[[ Records, beginning ]]

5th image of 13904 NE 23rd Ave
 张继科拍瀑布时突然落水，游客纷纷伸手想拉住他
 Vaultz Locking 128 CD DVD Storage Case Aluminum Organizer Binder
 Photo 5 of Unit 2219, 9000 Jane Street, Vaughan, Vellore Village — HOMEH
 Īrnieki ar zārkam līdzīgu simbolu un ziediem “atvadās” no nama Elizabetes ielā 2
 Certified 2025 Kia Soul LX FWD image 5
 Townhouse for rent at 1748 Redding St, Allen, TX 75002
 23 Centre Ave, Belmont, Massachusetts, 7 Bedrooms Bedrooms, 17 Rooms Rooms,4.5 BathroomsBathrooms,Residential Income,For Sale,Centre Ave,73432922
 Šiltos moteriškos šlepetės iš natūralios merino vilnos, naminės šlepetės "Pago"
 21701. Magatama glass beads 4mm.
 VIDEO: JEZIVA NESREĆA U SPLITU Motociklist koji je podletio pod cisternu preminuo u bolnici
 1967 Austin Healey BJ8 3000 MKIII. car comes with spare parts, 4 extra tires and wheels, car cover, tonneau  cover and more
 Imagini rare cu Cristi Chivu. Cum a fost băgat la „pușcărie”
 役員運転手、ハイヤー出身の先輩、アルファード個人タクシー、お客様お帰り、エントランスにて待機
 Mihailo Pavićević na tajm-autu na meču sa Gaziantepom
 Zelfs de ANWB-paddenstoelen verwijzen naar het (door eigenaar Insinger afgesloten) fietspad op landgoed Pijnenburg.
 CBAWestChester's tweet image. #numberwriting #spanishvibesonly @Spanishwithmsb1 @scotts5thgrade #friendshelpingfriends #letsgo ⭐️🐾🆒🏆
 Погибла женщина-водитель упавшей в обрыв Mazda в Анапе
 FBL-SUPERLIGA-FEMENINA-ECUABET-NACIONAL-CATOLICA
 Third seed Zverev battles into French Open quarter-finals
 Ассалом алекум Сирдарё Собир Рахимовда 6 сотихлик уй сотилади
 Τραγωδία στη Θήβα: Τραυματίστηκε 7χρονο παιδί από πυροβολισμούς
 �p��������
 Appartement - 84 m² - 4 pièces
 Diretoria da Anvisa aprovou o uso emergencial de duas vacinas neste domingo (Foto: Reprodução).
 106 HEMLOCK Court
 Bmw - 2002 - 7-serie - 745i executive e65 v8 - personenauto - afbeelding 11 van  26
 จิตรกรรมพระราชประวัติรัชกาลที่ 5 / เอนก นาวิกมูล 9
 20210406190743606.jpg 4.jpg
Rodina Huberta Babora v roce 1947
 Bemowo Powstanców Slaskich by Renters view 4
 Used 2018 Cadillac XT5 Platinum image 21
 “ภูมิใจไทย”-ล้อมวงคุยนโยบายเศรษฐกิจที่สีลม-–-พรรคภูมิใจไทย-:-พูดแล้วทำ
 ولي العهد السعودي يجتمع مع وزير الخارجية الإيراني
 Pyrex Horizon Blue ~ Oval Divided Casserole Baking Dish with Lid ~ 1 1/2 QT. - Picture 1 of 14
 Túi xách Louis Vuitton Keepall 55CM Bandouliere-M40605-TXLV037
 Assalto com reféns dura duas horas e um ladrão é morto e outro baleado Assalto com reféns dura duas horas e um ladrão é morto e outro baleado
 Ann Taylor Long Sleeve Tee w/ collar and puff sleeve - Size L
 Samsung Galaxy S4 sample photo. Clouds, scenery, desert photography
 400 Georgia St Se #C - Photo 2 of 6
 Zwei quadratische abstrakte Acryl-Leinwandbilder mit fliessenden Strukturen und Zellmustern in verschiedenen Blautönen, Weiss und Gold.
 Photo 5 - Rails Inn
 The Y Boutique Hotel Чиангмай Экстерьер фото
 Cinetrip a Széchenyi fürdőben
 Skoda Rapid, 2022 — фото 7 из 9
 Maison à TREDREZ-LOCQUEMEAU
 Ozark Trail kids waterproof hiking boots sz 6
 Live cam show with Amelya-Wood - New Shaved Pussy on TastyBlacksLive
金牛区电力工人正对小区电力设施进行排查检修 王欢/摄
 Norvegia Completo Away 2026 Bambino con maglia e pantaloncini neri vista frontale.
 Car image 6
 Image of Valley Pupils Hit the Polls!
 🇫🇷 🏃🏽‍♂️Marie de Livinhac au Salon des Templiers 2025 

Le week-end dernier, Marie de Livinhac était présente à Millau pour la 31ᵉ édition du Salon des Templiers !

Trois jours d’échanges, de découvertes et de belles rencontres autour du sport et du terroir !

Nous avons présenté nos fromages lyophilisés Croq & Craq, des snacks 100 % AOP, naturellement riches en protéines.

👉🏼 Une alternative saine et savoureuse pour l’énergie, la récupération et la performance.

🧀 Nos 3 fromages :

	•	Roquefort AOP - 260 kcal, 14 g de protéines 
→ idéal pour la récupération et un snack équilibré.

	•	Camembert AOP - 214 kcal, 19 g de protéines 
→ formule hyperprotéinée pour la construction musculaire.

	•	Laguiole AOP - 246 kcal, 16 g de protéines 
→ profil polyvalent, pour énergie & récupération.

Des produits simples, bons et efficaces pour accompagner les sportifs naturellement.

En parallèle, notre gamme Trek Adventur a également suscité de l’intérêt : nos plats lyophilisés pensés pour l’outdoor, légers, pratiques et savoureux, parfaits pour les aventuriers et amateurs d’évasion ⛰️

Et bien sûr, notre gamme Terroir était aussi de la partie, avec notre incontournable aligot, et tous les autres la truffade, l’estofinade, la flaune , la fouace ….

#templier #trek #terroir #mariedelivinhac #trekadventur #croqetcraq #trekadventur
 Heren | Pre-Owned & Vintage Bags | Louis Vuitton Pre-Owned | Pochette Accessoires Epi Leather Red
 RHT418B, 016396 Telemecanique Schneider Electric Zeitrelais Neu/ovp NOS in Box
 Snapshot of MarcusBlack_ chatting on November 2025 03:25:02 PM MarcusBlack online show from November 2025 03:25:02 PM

[[ Records, end ]]

Where a line of the data includes the string "naturellement", list that line.

Nous avons présenté nos fromages lyophilisés Croq & Craq, des snacks 100 % AOP, naturellement riches en protéines.
Des produits simples, bons et efficaces pour accompagner les sportifs naturellement.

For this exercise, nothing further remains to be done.